## SOURCE DATA
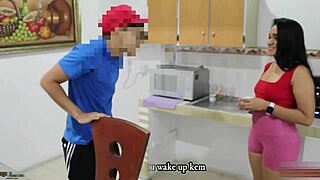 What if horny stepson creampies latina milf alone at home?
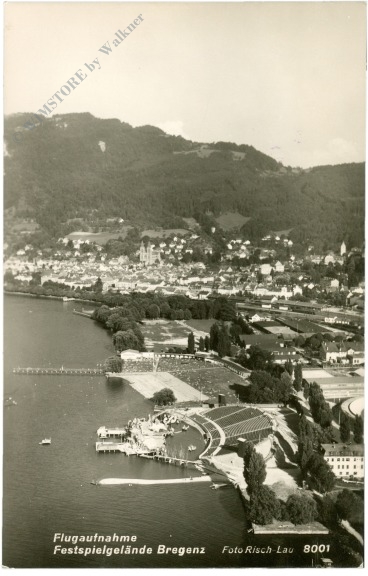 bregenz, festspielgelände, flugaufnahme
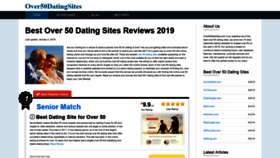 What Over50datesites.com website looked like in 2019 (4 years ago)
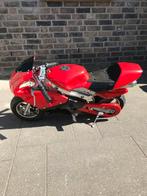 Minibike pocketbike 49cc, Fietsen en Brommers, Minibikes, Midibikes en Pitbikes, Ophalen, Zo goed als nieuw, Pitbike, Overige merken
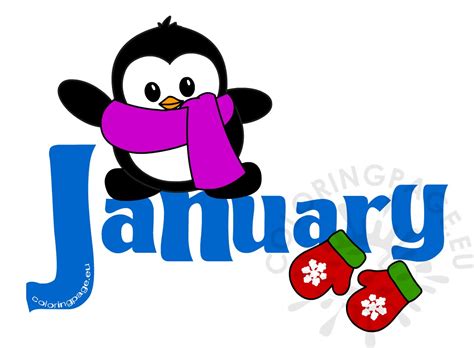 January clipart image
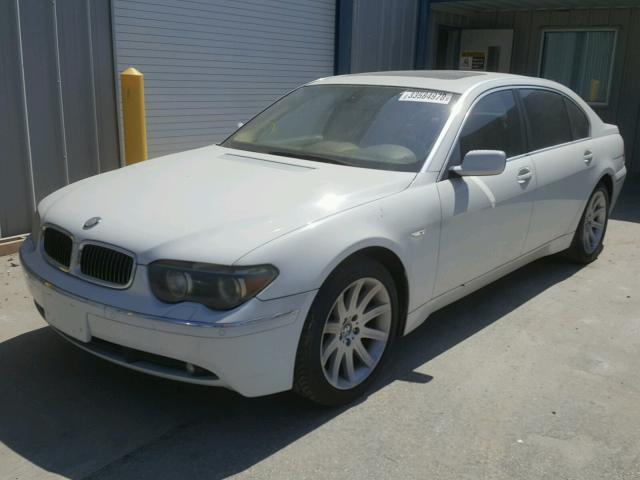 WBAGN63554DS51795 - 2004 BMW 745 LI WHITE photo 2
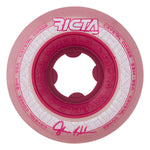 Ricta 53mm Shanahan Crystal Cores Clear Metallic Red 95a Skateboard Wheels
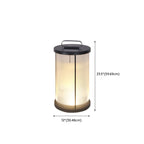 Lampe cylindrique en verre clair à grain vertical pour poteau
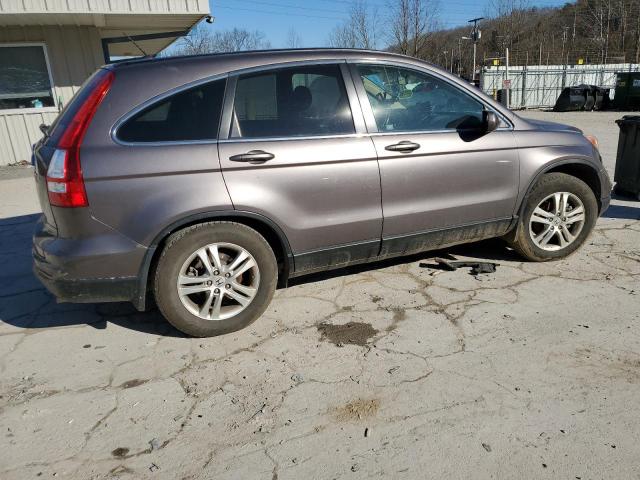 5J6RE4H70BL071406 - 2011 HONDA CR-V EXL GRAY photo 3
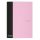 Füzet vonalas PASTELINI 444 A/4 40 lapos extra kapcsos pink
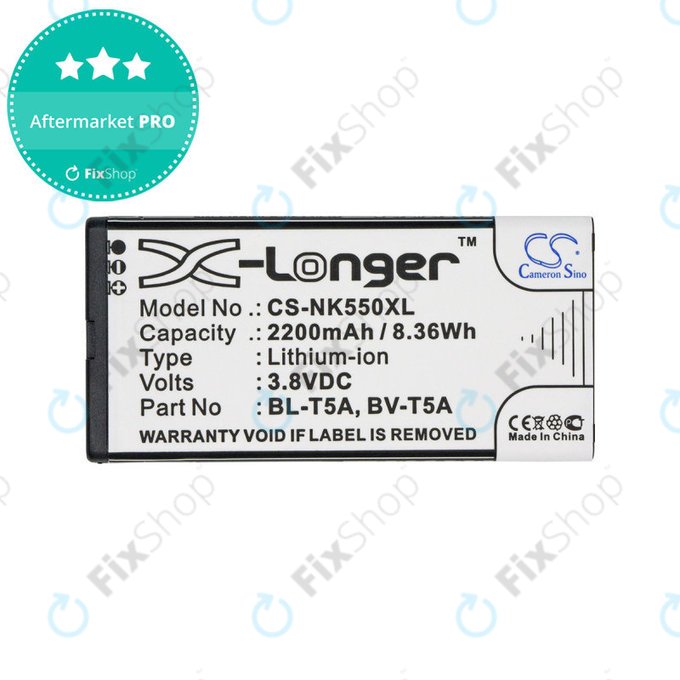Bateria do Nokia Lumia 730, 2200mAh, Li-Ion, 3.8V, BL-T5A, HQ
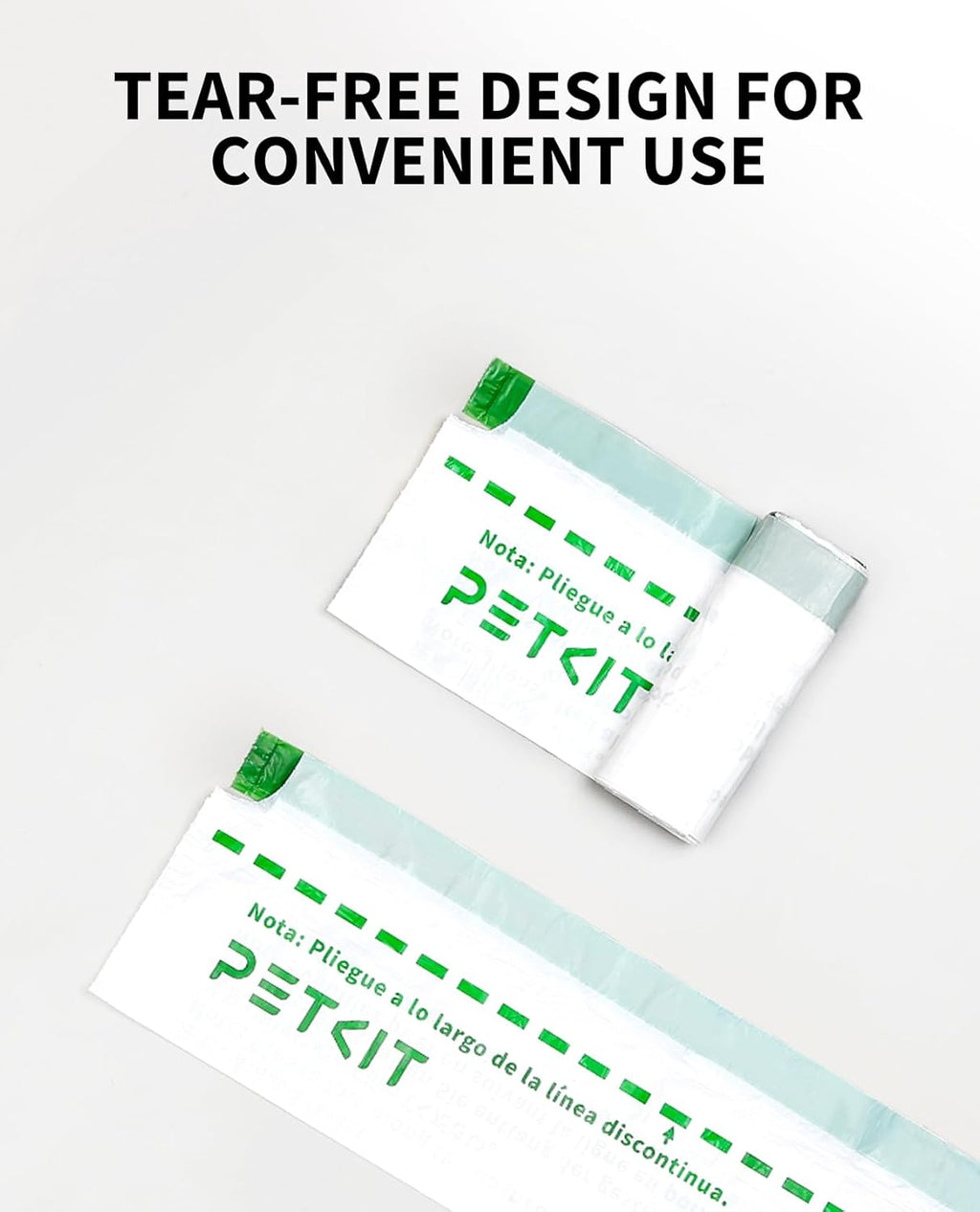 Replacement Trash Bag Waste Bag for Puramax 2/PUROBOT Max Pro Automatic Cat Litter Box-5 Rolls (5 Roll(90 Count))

## WHAT IS NEEDED
Without the pictures, give again exactly the lines above starting at the line containing "bregenz, festspielgelände, flugaufnahme" and ending at the line containing "Bateria do Nokia".

## RESULT OF THIS EXERCISE
 bregenz, festspielgelände, flugaufnahme
 What Over50datesites.com website looked like in 2019 (4 years ago)
 Minibike pocketbike 49cc, Fietsen en Brommers, Minibikes, Midibikes en Pitbikes, Ophalen, Zo goed als nieuw, Pitbike, Overige merken
 January clipart image
 WBAGN63554DS51795 - 2004 BMW 745 LI WHITE photo 2
 Ricta 53mm Shanahan Crystal Cores Clear Metallic Red 95a Skateboard Wheels
 Lampe cylindrique en verre clair à grain vertical pour poteau
 5J6RE4H70BL071406 - 2011 HONDA CR-V EXL GRAY photo 3
 Füzet vonalas PASTELINI 444 A/4 40 lapos extra kapcsos pink
Bateria do Nokia Lumia 730, 2200mAh, Li-Ion, 3.8V, BL-T5A, HQ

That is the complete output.